Prof. Bialek’s research interests cover a wide variety of theoretical problems at the intersection of physics and biology, from the dynamics of individual biological molecules to learning and cognition. He is perhaps best known for his work on coding and computation in the brain where, in close collaboration with experimentalists, he has shown how abstract mathematical ideas about signals, noise and information flow can be brought into direct contact with quantitative data on real neurons. This work has led to the demonstration that at least some aspects of brain function can be understood as nearly optimal strategies for dealing with the complex, dynamic signals that come to us through our senses, approaching fundamental physical limits to reliability and precision. Along the way to these results, Prof. Bialek and his collaborators discovered how to “read the neural code” in relatively simple nervous systems, such as the visual system of the fly, building a dictionary that translates between the sequences of electrical pulses generated by neurons and the sensory stimuli in the outside world. Unexpectedly, these ideas have found their way into current efforts by biomedical engineers to build prosthetic devices driven by neural signals. More recently, Prof. Bialek has been interested in connecting theoretical ideas of noise and information flow to a very different class of biological processes: the regulation of gene expression during the course of embryonic development.

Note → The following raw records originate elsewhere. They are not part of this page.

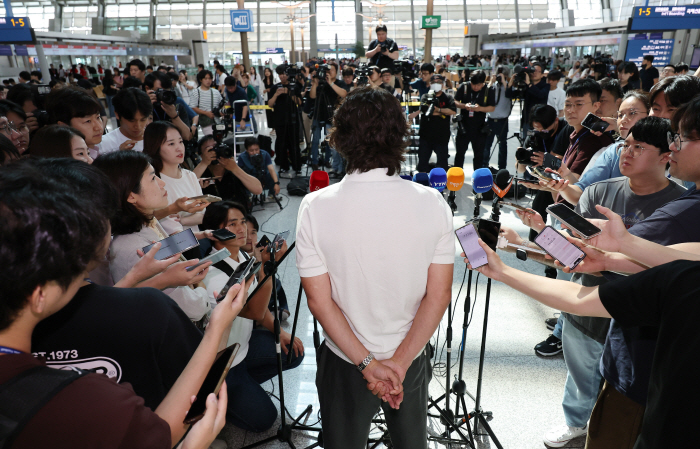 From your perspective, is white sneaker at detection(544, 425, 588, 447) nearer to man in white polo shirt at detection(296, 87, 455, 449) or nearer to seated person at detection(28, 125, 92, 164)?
man in white polo shirt at detection(296, 87, 455, 449)

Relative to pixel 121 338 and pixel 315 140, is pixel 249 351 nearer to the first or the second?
pixel 121 338

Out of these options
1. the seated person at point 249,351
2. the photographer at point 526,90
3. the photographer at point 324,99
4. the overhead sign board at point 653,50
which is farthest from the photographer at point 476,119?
the overhead sign board at point 653,50

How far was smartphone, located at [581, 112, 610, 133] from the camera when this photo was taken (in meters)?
2.56

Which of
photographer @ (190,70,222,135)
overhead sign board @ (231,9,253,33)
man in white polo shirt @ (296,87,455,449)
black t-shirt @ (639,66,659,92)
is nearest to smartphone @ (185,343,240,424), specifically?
man in white polo shirt @ (296,87,455,449)

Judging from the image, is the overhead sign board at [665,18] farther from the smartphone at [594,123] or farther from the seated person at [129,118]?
the seated person at [129,118]

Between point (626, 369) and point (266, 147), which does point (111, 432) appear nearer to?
point (626, 369)

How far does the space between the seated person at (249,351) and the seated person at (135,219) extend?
11.2 inches

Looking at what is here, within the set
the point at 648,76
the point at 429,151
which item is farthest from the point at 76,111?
the point at 648,76

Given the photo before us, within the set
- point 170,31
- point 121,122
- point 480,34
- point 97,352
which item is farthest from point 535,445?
point 170,31

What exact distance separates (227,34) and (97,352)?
3007cm

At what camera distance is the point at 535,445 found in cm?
186

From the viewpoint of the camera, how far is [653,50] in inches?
410

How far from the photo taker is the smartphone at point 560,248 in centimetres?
117

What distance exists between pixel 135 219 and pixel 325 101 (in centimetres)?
458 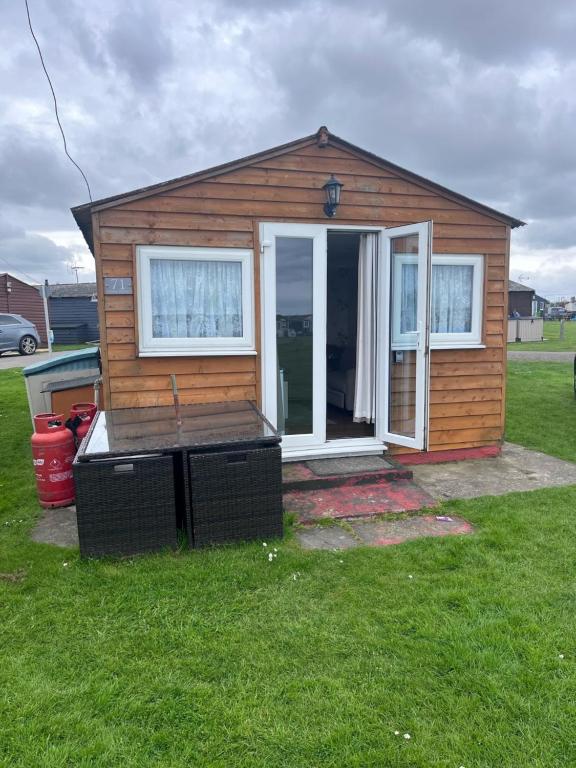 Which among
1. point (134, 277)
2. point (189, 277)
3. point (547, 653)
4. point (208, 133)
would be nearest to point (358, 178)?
point (189, 277)

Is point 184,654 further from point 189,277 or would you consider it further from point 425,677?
point 189,277

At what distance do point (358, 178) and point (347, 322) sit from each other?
2278 mm

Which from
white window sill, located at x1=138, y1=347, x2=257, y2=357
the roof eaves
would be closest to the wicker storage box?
white window sill, located at x1=138, y1=347, x2=257, y2=357

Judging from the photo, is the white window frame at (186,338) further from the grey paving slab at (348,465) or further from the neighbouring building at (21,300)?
the neighbouring building at (21,300)

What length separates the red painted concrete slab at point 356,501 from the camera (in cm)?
381

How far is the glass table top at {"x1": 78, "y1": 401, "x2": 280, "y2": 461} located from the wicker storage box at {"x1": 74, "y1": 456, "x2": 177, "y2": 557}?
92 millimetres

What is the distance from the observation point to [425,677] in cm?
207

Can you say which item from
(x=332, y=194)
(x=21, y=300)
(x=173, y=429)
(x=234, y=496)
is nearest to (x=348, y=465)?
(x=234, y=496)

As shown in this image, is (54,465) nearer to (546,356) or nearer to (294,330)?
(294,330)

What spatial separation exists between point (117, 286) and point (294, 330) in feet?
5.11

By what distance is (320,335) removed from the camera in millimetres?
4777

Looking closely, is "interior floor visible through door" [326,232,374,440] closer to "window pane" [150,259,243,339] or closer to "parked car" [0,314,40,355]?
"window pane" [150,259,243,339]

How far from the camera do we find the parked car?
58.5 ft

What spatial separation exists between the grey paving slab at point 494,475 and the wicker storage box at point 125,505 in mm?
2178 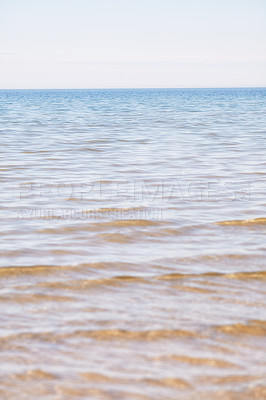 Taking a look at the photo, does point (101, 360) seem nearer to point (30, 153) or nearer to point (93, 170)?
point (93, 170)

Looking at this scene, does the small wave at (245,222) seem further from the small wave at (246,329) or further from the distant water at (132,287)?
the small wave at (246,329)

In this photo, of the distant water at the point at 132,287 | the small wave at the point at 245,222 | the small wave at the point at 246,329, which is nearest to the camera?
the distant water at the point at 132,287

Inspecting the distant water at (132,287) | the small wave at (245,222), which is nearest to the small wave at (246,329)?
the distant water at (132,287)

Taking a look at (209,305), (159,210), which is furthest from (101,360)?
(159,210)

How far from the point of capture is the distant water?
2670 mm

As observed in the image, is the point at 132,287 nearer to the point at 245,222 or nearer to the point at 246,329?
the point at 246,329

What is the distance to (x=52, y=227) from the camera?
541cm

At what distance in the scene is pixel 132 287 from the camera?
382 cm

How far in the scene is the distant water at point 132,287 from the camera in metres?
2.67

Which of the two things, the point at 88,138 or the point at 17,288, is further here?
the point at 88,138

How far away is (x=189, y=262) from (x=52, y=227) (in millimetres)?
1672

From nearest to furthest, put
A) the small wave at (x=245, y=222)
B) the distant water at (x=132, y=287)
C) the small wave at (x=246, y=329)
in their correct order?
the distant water at (x=132, y=287), the small wave at (x=246, y=329), the small wave at (x=245, y=222)

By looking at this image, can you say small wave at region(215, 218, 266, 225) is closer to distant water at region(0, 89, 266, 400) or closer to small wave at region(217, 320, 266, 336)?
distant water at region(0, 89, 266, 400)

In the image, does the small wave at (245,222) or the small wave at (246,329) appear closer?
the small wave at (246,329) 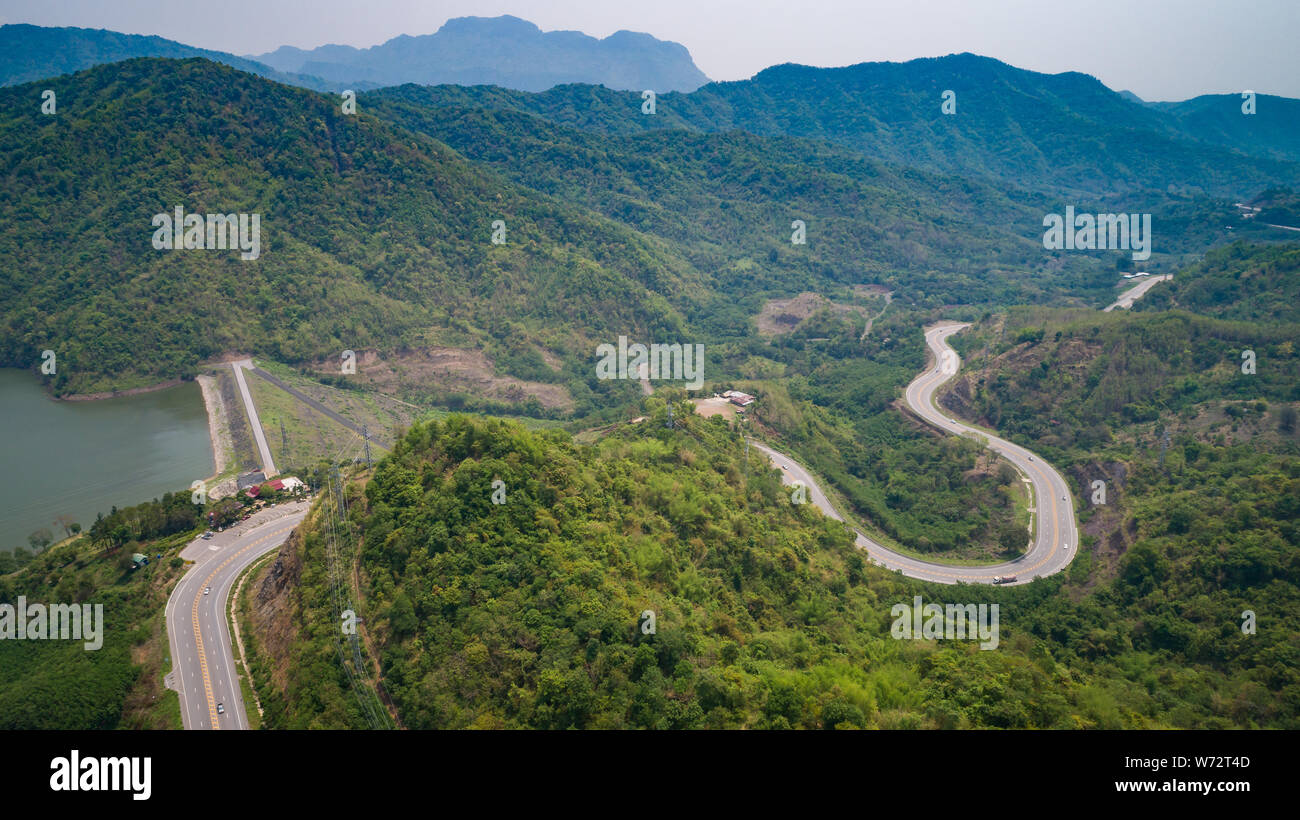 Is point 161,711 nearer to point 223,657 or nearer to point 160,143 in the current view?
point 223,657

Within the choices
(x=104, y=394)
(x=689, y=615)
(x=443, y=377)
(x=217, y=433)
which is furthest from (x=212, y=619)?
(x=104, y=394)

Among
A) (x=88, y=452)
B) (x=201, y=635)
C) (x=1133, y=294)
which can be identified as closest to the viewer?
(x=201, y=635)

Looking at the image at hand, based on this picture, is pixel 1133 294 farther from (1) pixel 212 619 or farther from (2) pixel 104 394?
(2) pixel 104 394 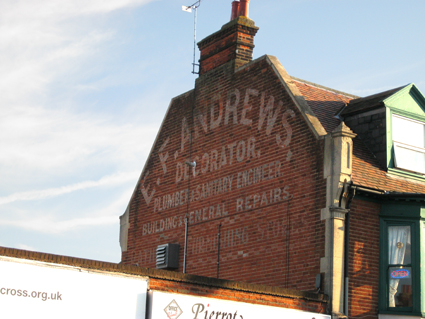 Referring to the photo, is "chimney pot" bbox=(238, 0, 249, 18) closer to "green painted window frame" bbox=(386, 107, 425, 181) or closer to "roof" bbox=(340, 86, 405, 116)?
"roof" bbox=(340, 86, 405, 116)

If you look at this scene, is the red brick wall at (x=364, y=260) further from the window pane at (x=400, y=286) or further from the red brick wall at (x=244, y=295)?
the red brick wall at (x=244, y=295)

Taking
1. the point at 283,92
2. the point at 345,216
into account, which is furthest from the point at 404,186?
the point at 283,92

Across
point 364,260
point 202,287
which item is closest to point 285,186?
point 364,260

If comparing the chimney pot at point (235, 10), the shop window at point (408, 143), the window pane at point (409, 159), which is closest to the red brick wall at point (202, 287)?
the window pane at point (409, 159)

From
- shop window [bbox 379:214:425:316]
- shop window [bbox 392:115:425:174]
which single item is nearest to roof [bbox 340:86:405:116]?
shop window [bbox 392:115:425:174]

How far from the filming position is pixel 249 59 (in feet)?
71.3

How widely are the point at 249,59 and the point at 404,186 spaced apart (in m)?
6.67

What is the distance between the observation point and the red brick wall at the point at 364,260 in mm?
16438

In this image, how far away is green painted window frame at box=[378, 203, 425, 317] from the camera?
16422mm

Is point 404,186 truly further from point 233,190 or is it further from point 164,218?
point 164,218

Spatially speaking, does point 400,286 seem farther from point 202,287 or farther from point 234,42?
point 234,42

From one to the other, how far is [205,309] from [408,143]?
8.04 meters

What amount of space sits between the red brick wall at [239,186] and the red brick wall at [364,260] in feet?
2.79

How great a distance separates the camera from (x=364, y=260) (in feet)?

Because cross-disciplinary interaction has been so crucial to his own work, Prof. Bialek has made efforts to bring this style of science to a broader audience, and has established several courses designed to bring scientists together. At Princeton, he developed a radically new, integrated science course for freshmen that unifies the teaching of physics, chemistry and biology. “Collaborative interactions, whether between theoreticians or between theorists and experimentalists, require an openness and familiarity that allows everyone to admit ignorance and to collaborate not just in the search for answers but in the formulation of the questions,” Prof. Bialek says.

University president Paul Nurse has been interested in attracting scientists for short-term and/or part-time appointments for some time, and outlined plans to do so in the university’s strategic plan in 2005. Prof. Bialek, whose research interests support and further the work of theoretical physicists and others already at Rockefeller, is the first appointment, one that has received enthusiastic support from a diverse group of faculty. He will be at Rockefeller one day a week during the regular academic year and will spend one summer month on campus. “Bill’s time at Rockefeller will expand the university’s knowledge base in more theoretical studies, a goal we have been working toward for some time. Many faculty members have shown unequivocal support for his appointment here and I am certain his association will be a fruitful one,” says Dr. Nurse.

“The difference between momentary interactions and lasting collaborations is the difference, if you will, between being a tourist and having a second home,” says Prof. Bialek. “My goals as visiting professor are to expand my own intellectual horizons and to contribute to the growth of a like-minded scientific community. Rockefeller seems an ideal place to try this.”